GOAL OF THE EXERCISE>
Return exactly the lines of the entries, from the one with "中央企业党建思想政治工作优秀研究成果文集(2021)" to the last.

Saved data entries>
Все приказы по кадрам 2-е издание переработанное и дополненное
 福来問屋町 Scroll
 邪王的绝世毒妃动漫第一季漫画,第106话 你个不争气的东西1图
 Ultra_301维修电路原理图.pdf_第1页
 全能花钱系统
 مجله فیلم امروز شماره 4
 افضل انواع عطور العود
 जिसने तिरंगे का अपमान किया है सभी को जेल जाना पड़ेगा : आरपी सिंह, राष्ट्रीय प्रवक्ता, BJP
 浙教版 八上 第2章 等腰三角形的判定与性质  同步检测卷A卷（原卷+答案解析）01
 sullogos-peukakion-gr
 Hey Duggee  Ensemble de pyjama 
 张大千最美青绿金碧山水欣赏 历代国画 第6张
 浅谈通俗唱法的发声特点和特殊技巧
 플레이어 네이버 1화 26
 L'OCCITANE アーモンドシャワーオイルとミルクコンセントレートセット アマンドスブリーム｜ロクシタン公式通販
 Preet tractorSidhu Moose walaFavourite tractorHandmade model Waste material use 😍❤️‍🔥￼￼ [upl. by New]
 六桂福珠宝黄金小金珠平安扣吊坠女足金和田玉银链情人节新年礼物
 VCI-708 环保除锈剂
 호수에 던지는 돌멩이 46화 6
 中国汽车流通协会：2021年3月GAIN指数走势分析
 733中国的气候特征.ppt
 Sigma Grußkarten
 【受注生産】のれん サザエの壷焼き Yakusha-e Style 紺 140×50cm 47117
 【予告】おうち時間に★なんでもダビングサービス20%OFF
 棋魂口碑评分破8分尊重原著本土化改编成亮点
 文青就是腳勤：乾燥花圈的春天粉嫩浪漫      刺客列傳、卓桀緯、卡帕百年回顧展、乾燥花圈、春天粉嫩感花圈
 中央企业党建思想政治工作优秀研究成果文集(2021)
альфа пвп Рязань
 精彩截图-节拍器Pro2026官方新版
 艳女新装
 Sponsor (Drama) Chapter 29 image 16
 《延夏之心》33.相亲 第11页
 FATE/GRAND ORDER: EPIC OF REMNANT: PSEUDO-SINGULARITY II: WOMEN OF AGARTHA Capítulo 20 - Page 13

OUTPUT OF THE TASK>
 中央企业党建思想政治工作优秀研究成果文集(2021)
альфа пвп Рязань
 精彩截图-节拍器Pro2026官方新版
 艳女新装
 Sponsor (Drama) Chapter 29 image 16
 《延夏之心》33.相亲 第11页
 FATE/GRAND ORDER: EPIC OF REMNANT: PSEUDO-SINGULARITY II: WOMEN OF AGARTHA Capítulo 20 - Page 13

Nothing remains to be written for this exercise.